What the Bill Permits for Banks and Credit Unions

The law covers both state-chartered banks and credit unions, broadening the pool of regulated institutions that can enter the digital asset space. Previously, crypto custody in the United States has been dominated by specialized firms and federally chartered entities.

By extending custody authority to credit unions alongside banks, the bill ensures that a wider range of Minnesota residents, including those who rely on member-owned cooperatives rather than commercial banks, can access regulated crypto storage through their existing financial relationships.

Crypto custody is considered a foundational service in bridging traditional finance and digital assets. Without secure, regulated custody, institutional participation in cryptocurrency markets remains limited by compliance and liability concerns.

Why State-Level Crypto Custody Laws Matter

Minnesota’s action reflects a broader pattern of states stepping in to define digital asset rules while federal legislation remains incomplete. State banking regulators already oversee deposit-taking, lending, and trust services; adding crypto custody to that list integrates digital assets into an existing compliance framework rather than creating an entirely new one.

For Minnesota’s financial institutions, the law provides legal clarity. Banks and credit unions that may have considered offering crypto-related services previously faced uncertainty about whether state regulators would permit or penalize such activity. The signed legislation removes that ambiguity.

For customers, the practical impact is the potential to hold cryptocurrency through the same institutions where they maintain checking accounts and mortgages.
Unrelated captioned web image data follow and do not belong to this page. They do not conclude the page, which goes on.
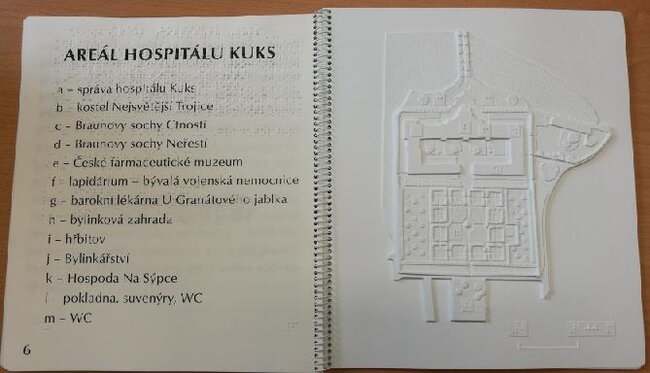 Haptická kniha Hospitálu Kuks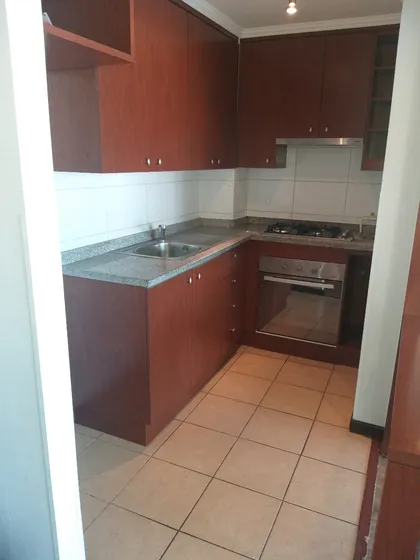 A Pasos Del Metro Irarrazaval 2 Dorm. 2 Baños.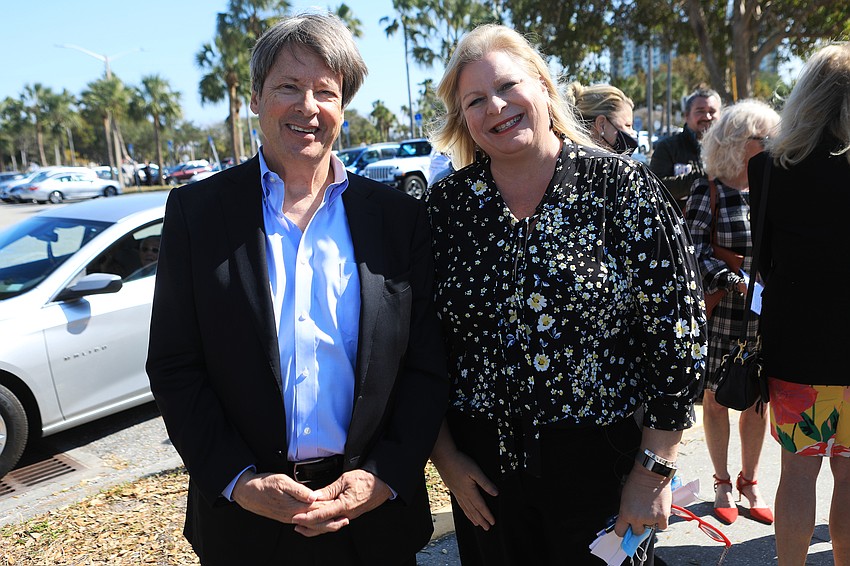 Speaker Dave Barry and Town Hall Chair Ashley Brown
This could reduce reliance on unregulated or offshore custody providers, a topic that has gained urgency as high-profile failures in the crypto industry have underscored counterparty risk.
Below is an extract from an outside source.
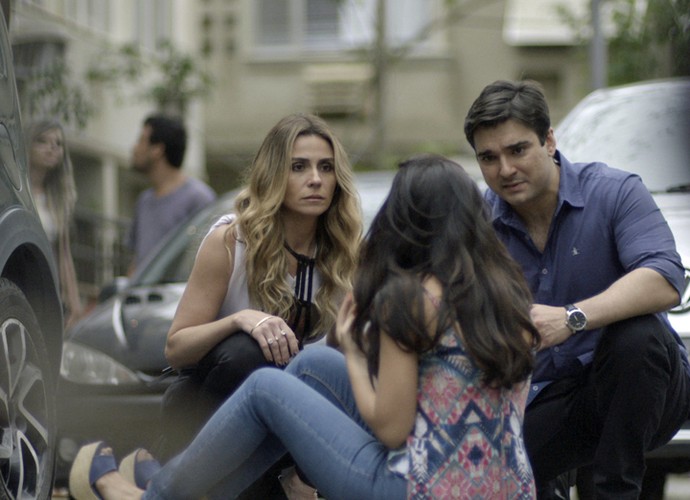 Atena ajuda Tóia após atropelamento (Foto: TV Globo)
How Minnesota’s Move Fits the Regulatory Landscape

The bill sits at the intersection of banking oversight and emerging digital asset regulation. Unlike federal proposals that have stalled in Congress, state-level action can move faster and address the specific needs of local financial ecosystems.

Minnesota joins a growing list of states that have taken concrete steps to define how traditional financial institutions can interact with cryptocurrencies. The approach of working within existing banking law, rather than creating standalone crypto statutes, may offer a model that other state legislatures consider as digital asset markets continue to evolve.

The law does not address trading, lending, or other crypto financial services beyond custody. Its scope is deliberately narrow, focused on the safekeeping function that underpins all other institutional crypto activity. For institutions looking to eventually offer broader digital asset services, custody authorization is typically the first regulatory step.

With the governor’s signature now in place, Minnesota-regulated banks and credit unions can begin developing custody programs under state oversight, subject to any rulemaking or guidance the state’s Department of Commerce may issue in the months ahead.

Disclaimer: This article is for informational purposes only and does not constitute financial or investment advice. Cryptocurrency and digital asset markets carry significant risk. Always do your own research before making decisions.